坂出祥伸『日本と道教文化』(2010.3、角川学芸出版)角川選書

ふと耳にしたり目にした言葉などが気になると、すぐ図書館のホームページで検索してしまう癖があります。
すると、たとえ完璧に該当しなくても、似たような本を読みたくなるときがあります。
今回は、1ヶ月以上前に番号をひかえて先月借りたので、どうやってこの本に辿り着いたのか記憶が無いのですが(苦笑)、「雨乞い」に関する記述があったので、満足です。

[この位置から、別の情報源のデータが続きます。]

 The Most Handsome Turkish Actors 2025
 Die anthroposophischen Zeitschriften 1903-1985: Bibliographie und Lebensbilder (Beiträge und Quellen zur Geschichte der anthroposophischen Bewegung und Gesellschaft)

古都・京都には二条城の近くに有名な神泉苑があり、(中略)ここには、空海が天長元年(八二四)、請雨経法を誦読して雨を降らせたという伝承があり、これは有名であるが、真偽は不明である。また、山科・小野には、随心院という真言宗の門跡寺があるが、ここに曼荼羅寺を創始した仁海は祈雨の卓越した呪法能力を備えていたとして雨僧正と呼ばれ、以来、その血脈を受け継ぐ小野流は請雨経法を修し、広沢流は仁和寺の寛助以降、孔雀経法を修することで、それぞれの流派の基本としていた。請雨経法というのは、不空撰『大雲経祈雨壇法』と不空撰『大雲輪請雨法』の二経典を指す。平安時代には祈雨を行う場合、この二経典に依拠する誦読と、不空撰『仏母大孔雀明王経』に依拠する誦読とがある。また、神泉苑がなぜ祈雨の場所となったのかについては、ここには、もとインドの無熱達池にいたという善如龍王が棲んでいるという言い伝えがあったからである。空海が神泉苑で祈雨を修した時、この善如龍王が現れて祈願が成就したという。
 旱魃の際に雨乞いをするのは農業社会では国家の安定を保つための重要な儀礼である。中国では古くから「雩」と呼ばれる雨乞いが行われていたことは、『論語』「先進篇」に「雩のときに舞いをする」と見えている。これは春秋時代のことである。しかし、具体的なありさまは、前漢時代、前一世紀の董仲舒の著した『春秋繁露』「求雨篇」に記載されている。それによると、春の旱には県城の東門の外に四方に通じる神壇を設け、そこに土で作った大龍、小龍を置き、児童などが潔斎した後に舞を舞う。さらにその壇に雄鶏や豚を置いて薪を積んであぶる。そうすれば雨が得られる、というのである。夏と季夏にも同様の儀礼が南門の外で行われる。龍を祀れば天神が応えて雨を降らせるというのは、一種の共感呪術である。その後、このような民間で行われていた祈雨儀礼は道教にもとりこまれたと思われる。
 雨乞いを記載した最も早い道教経典は南北朝時代に著されたと推測される天師道系統の経典『赤松子章暦』巻三の記載かと思われる。しかし、当時の天師道では、旱魃は「鬼」のなせる所為と考えていたので、太上大道君という最高神や、その属神である河伯などの水神にひたすら祈って降雨を求めている。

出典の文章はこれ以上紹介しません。